On a sweltering summer evening in Alexandria on 26 July 1956, Egypt’s new president stepped up to a bank of waiting microphones to give the most famous speech of his life. A crowd had crammed into Menishiya Square, sweatily jostling for position as the former army colonel-turned-president raised both arms in greeting to his listeners. Gamal Abdel Nasser wore a suit rather than his military uniform, but he still carried himself like a soldier: broad shoulders back, hair close-cropped above an officer’s moustache. He spoke passionately, frequently raising his clenched left fist at the lectern to emphasize his words. He related the history of the canal, of Egypt’s occupation by the British since 1882, of other wrongs. Voice raised, he urged the crowd,
Britain has forcibly grabbed our rights 
 The income of the Suez Canal Company in 1955 reached 35 million pounds, or 100 million dollars. Of this sum, we, who have lost 120,000 persons, who have died in digging the Canal, take only one million pounds or three million dollars 
 We shall not repeat the past. We shall eradicate it by restoring our rights in the Suez Canal.
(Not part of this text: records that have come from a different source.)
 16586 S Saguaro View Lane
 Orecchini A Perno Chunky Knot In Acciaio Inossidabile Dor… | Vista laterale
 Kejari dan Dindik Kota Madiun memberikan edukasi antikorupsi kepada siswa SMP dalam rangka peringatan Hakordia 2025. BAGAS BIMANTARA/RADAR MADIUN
In short, Nasser asserted Suez was “an Egyptian Canal” and he intended to take it back. While he spoke, Egyptian forces seized control of the canal and the Canal Company’s offices. The coded phrase for the operation to begin was Nasser’s mention of the name of the waterway’s architect: de Lesseps.
That evening, British Prime Minister Anthony Eden was hosting a formal dinner at Downing Street. After an aide brought in the news from Egypt the meal ended early and Eden held an emergency meeting with a few of his Cabinet ministers which went on until 4 a.m. Nasser’s action was, as The Times phrased it the following morning, “a clear affront and threat to Western interests, besides being a breach of undertakings which Egypt has freely given”. The Egyptian president’s takeover of the canal was a potential threat to Britain’s oil supplies, as the country only had six weeks’ reserves, and it was also a profound embarrassment to the nation which had been joint custodian of the canal since its creation and whose soldiers had, until a few weeks before, been its guardians. A determined Eden sent a courteous but clear message across the Atlantic to the White House: “my colleagues and I are convinced that we must be ready, in the last resort, to use force to bring Nasser to his senses. For our part we are prepared to do so.”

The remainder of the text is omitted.